It will soon be time to jump into processing in a serious way. I've done occasional B&W over the past few years (and my technique needs improvement), but I've never really delved into developers.

The information here and elsewhere on the web is great, and now it's time to learn how to apply the "book"-knowledge.
I want to get a feel for what can be done.

Polypan F (of which I've read quite a lot about) sounded like fun, so I now have 90 meters, but I also have some Ilford, and intend to experiment with Kodak as well. My intention is to shoot (and bracket) several rolls of 35mm per experiment. Even if I don't print any of my experiments, my ultimate goal is optical printing.

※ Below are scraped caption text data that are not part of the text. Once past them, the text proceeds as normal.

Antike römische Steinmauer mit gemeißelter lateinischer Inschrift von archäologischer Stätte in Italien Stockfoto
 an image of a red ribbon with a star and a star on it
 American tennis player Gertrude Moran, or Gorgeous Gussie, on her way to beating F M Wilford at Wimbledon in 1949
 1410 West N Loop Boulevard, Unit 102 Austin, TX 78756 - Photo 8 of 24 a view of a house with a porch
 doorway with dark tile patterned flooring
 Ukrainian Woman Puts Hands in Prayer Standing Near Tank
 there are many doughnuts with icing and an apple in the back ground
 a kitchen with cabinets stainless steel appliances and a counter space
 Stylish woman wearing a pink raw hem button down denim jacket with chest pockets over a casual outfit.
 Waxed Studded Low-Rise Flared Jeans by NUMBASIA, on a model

At this time, I need to see "obvious" differences - things a beginner can notice easily. (I've a little dark room experience from elementary school and my undergrad, but now want to actually _understand_ what I'm doing.) When I get better I can then learn about the finer points. I have tried push-processing twice, but don't yet have a full appreciation of it beyond theory.

So far, I've only ever used D-76 at stock strength.
Please suggest some developers, and how I can "play" with each one. To start, I intend to use three or four developers, each being a different class from one another. One will be D-76, and one will NOT be caffenol (that will come with time, though). All fresh 35mm film in daylight tanks.

I am not trying to find the "perfect" developer or end up with "perfect" negatives in the experiments. I want to see differences both within and between chemicals.
Obviously I'm trying to learn about grain and tonality, and how some tools are better for certain situations or can create a certain/different feel. However, I'm open to extremes and just about anything interesting - so long as I learn.

Oh, and a "stupid" question... I can use the same stop and fixer regardless of developer, right?